SUPPLIED DATA: Begin

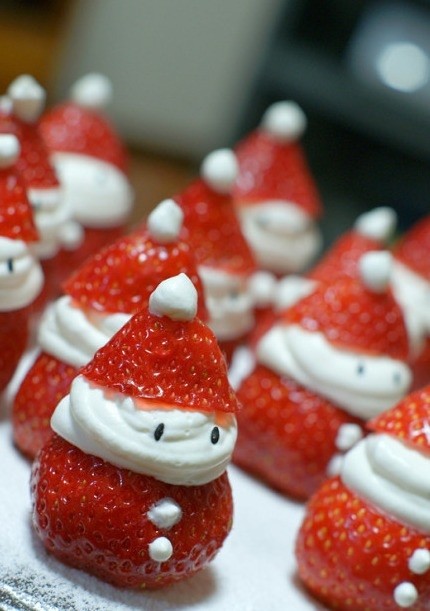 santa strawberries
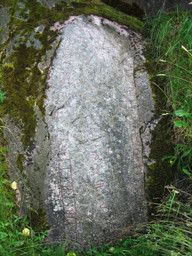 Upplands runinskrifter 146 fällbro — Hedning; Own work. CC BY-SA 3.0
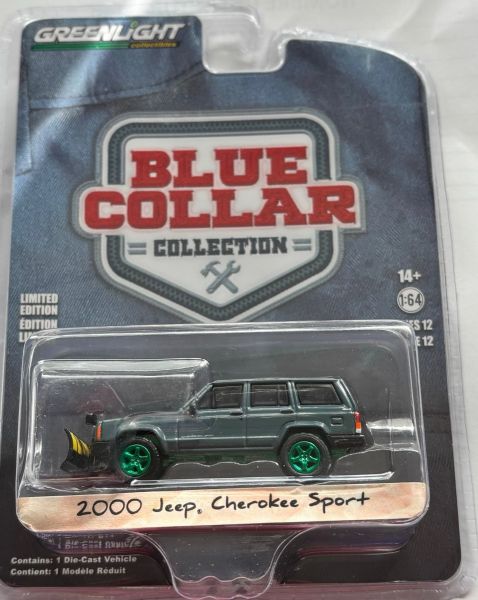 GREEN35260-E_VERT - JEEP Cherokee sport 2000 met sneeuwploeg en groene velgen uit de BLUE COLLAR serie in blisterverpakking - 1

SUPPLIED DATA: End

▶ **TRY IT**
Set down all of the material word for word, minus its pictures.

▶ **THE ANSWER**
 santa strawberries
 Upplands runinskrifter 146 fällbro — Hedning; Own work. CC BY-SA 3.0
 GREEN35260-E_VERT - JEEP Cherokee sport 2000 met sneeuwploeg en groene velgen uit de BLUE COLLAR serie in blisterverpakking - 1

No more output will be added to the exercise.